As ninth graders in Freshmen Seminar create self-portraits, they discusses their identity at Proctor. It is an identity that has certainly changed since each student first went on an Admission tour the year before. They have grown physically, emotionally, and socially. Their connection to Proctor is far deeper now than it was when first visiting. Four years from now when they graduate, after thousands of shared experiences, their connection will be still deeper.
With over 135 academic courses, 30 art electives, and five term-long off-campus programs to choose from, the possible ways a student’s Proctor journey can unfold is staggering. Because of the breadth of academic offerings, the importance of academic planning is elevated at Proctor.
Over the past week advisors have spent time with their advisees completing academicplans as a part of the long-term academic scheduling process regardless of when a student joins the Proctor community. While academic plans lay out desired courses and potential terms abroad in order to ensure students meet graduation requirements, they are far from binding.

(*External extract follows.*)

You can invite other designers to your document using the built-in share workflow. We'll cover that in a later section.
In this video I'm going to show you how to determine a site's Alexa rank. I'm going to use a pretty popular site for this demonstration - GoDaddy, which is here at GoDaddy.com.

The purpose of backward planning is to look at a student's time at Proctor, his or her desired experiences, and how to best fit all the puzzle pieces together. While four-year plans provide a blueprint for what each student wants his or her academic path to be, they often change, morph, and take completely different directions as students find new passions or are turned on to a discipline by a certain experience - and this is encouraged!

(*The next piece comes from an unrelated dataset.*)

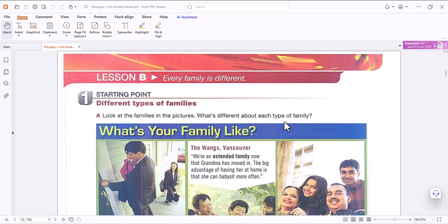Let's continue with Passages, Unit One, Lesson B: 'Every Family is Different.' Let's start with this question: What's your family like? We need to look at the families in the pictures and consider what's different about each type of family.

For many students first arriving at Proctor, the plethora of academic options are mind boggling. Planning out the future trimesters (keeping in mind desired matriculation options for college) seems like an impossible task, however, it is our hope that this process, along with forums like Freshmen Seminar, help open students' eyes to the possibilities of a Proctor experience. With the proper planning, you won’t have to make ‘either/or’ decisions, but instead can make ‘both/and’ decisions!
So what would your four-year plan look like?